Originally published May 2017

Don’t ever discount a father’s love for his daughter.

The Twelve Lives of Samuel Hawley,” by Hannah Tinti is a complicated, multi-layered tale of the lengths a father will go to provide for, support and protect his baby girl. In short, it’s a fabulous read. And yes, you will cry.

It would be easy — and lazy — to slap the “bad guy” label on the likes of Samuel Hawley. After all, we’re talking about a guy that could work for Marcellus Wallace. In this case, though, it’s a guy named Ed King. And if Hawley Is Vincent Vega, his friend Jove is Jules Winnfield. Hawley’s been pulling jobs with Jove since his early 20s — sometimes successful, but always leaving a disgruntled customer on one end or the other. But Hawley is more than a hired gun. He’s human. And when Hawley falls in love with Lily, he finds himself at a crossroads.

The twelve lives? Those are the stories of his scars. One for each bullet that has passed through some part of his body. Usually just a flesh wound but occasionally life-threatening, Hawley moves from one bad scenario to another. Along the way, he meets Lily and creates a family for himself when Loo arrives.
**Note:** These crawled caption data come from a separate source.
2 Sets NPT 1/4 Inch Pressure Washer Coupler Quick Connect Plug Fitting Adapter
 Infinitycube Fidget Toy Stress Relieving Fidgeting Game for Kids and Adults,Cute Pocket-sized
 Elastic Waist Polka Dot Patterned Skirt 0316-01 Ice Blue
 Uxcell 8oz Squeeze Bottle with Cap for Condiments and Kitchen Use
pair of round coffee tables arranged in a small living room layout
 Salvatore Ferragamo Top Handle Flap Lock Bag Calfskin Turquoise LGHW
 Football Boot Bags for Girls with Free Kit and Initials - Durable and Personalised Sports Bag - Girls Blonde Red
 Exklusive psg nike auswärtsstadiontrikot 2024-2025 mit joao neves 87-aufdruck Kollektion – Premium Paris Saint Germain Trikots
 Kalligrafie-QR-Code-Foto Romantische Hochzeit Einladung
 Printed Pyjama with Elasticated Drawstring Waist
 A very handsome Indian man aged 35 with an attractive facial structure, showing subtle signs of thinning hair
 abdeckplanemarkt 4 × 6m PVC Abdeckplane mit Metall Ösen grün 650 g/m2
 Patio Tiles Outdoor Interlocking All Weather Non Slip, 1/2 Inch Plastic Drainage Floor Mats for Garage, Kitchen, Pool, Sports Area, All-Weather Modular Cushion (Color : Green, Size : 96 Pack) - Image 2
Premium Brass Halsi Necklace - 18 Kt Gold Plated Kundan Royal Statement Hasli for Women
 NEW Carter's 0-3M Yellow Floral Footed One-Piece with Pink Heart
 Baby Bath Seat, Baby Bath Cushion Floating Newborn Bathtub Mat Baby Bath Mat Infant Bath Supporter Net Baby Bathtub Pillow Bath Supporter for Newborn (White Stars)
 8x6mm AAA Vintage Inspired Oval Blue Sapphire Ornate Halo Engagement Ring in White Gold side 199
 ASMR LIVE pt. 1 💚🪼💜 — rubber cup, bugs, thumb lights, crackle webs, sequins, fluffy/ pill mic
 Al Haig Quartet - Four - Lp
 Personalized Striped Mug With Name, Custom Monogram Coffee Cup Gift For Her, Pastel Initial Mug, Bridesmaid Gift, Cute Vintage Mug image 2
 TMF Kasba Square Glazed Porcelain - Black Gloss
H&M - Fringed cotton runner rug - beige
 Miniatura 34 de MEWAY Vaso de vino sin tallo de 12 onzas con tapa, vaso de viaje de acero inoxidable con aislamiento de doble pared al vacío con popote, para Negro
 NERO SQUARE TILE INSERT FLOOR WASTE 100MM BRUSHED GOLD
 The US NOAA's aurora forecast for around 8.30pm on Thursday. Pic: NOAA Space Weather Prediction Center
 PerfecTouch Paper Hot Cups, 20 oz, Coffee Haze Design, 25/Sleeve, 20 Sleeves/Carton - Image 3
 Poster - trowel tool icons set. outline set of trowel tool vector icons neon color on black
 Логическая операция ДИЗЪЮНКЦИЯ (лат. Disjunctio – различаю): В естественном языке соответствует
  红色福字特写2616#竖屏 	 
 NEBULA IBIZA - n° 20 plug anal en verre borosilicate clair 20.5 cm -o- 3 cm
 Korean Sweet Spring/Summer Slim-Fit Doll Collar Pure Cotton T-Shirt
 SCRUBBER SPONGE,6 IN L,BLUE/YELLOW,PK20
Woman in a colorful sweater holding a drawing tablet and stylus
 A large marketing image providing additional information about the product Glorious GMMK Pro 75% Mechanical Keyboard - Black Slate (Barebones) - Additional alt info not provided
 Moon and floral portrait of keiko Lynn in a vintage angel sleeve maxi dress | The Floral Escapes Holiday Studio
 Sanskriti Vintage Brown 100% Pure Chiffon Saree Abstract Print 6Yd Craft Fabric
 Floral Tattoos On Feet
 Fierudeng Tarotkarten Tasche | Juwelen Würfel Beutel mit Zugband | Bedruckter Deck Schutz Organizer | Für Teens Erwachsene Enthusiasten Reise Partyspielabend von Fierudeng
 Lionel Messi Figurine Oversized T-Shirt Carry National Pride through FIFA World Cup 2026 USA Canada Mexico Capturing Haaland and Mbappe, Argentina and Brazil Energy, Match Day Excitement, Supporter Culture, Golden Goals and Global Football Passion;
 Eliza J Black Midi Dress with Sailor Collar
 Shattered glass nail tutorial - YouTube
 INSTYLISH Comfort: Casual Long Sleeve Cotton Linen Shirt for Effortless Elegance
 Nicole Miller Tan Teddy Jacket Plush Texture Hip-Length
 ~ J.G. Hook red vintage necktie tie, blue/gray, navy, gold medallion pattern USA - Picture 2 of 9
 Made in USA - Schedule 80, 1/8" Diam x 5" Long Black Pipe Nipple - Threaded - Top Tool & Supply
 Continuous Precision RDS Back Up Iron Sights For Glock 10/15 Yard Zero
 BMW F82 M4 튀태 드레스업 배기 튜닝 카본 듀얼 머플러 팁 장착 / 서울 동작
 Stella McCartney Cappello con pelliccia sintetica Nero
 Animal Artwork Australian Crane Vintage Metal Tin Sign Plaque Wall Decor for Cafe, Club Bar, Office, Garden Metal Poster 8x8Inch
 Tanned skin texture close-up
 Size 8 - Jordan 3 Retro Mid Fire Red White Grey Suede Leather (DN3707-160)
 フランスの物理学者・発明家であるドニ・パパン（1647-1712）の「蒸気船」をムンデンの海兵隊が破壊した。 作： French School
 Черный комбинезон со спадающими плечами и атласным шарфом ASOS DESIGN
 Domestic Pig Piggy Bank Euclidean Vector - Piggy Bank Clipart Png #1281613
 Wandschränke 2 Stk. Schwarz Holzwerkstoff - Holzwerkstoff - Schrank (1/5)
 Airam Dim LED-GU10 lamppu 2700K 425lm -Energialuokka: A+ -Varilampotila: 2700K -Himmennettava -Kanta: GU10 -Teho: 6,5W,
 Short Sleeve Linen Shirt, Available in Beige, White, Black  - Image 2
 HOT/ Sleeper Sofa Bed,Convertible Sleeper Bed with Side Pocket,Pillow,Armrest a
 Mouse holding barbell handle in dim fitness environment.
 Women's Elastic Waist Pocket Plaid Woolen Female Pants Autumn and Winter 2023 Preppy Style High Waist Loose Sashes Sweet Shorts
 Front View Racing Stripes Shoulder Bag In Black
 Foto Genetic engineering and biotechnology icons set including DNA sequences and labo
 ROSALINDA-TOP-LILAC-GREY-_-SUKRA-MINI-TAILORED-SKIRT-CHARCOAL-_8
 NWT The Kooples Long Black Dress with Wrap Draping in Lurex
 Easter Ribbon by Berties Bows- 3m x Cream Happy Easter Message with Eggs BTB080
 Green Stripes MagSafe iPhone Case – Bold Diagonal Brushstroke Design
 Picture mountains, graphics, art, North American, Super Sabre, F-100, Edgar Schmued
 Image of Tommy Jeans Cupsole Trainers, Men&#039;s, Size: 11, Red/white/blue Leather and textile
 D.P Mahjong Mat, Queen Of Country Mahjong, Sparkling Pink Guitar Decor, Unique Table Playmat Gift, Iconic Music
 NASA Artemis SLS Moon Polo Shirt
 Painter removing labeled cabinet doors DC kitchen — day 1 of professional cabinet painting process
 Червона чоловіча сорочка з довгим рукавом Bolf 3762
Loo’s story is intertwined with Hawley’s throughout the book, and is just as captivating, as she’s navigating her teens. Back in her mother’s hometown, where Hawley tries to give Loo a normal life, she attempts to understand her life on the run as she reconciles it with her roots and that of her dead mother, Lily. The shrine to her mother that her father recreates in every home they’ve ever had is testament to his undying love for Lily, so why does her maternal grandmother hate Hawley so much?

Tinti’s tale of father and daughter is so engaging that once I had a chunk of time to sit and read, I could not put it down. The story moves at a fast enough pace that you never find yourself tempted to skim, moving between Hawley and Loo over 20 years or so. It is heartbreaking and so so lovely, from start to finish. Don’t miss this.